*Exercise brief:* Write out again the lines from the line with "And another nice" up to and including the line with "Hello guys, welcome", exactly as they stand below, and skip any picture.

*Given data:*
▼

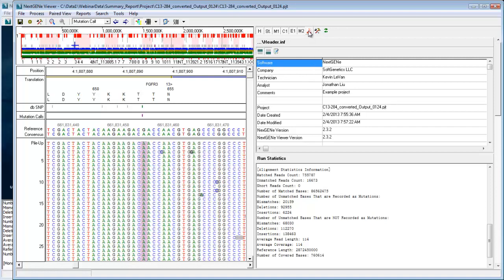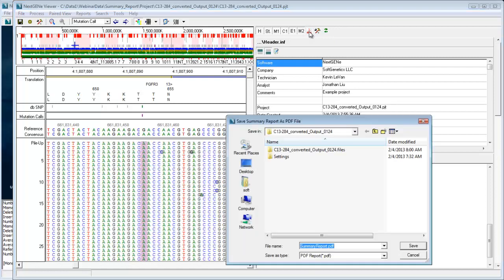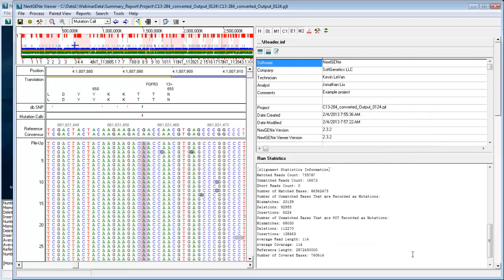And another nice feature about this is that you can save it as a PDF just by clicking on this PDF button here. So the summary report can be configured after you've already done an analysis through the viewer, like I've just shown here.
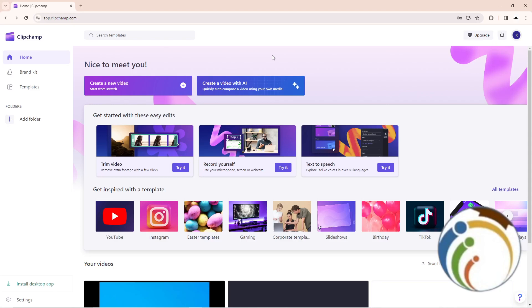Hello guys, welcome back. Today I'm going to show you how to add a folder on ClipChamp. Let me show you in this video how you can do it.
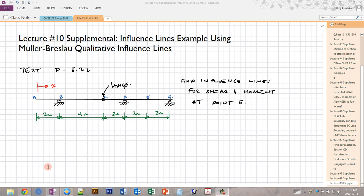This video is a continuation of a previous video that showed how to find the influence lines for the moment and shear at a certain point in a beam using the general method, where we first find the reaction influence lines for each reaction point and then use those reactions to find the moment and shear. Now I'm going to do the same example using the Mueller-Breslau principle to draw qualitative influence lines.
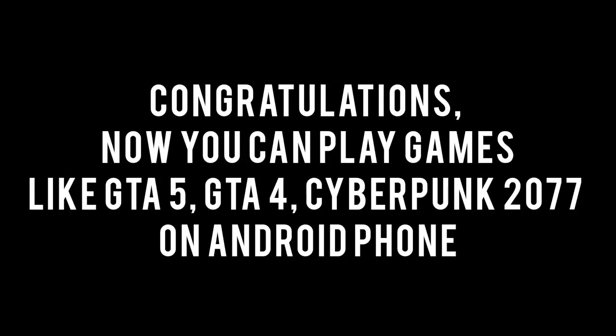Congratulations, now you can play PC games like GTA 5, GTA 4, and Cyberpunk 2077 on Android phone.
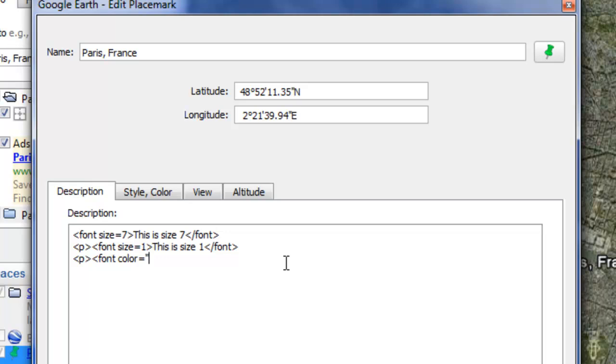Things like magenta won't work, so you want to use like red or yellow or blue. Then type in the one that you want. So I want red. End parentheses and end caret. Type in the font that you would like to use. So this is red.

▲
▼

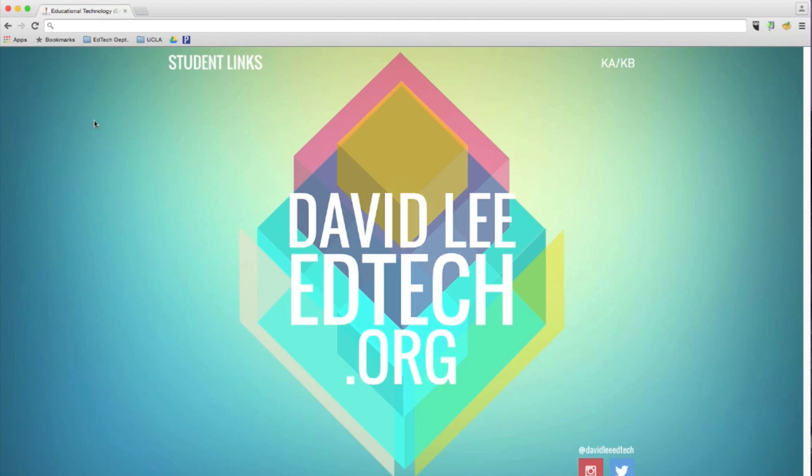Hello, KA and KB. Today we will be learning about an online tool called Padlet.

▲

*Answer to this task:*
And another nice feature about this is that you can save it as a PDF just by clicking on this PDF button here. So the summary report can be configured after you've already done an analysis through the viewer, like I've just shown here.
Hello guys, welcome back. Today I'm going to show you how to add a folder on ClipChamp. Let me show you in this video how you can do it.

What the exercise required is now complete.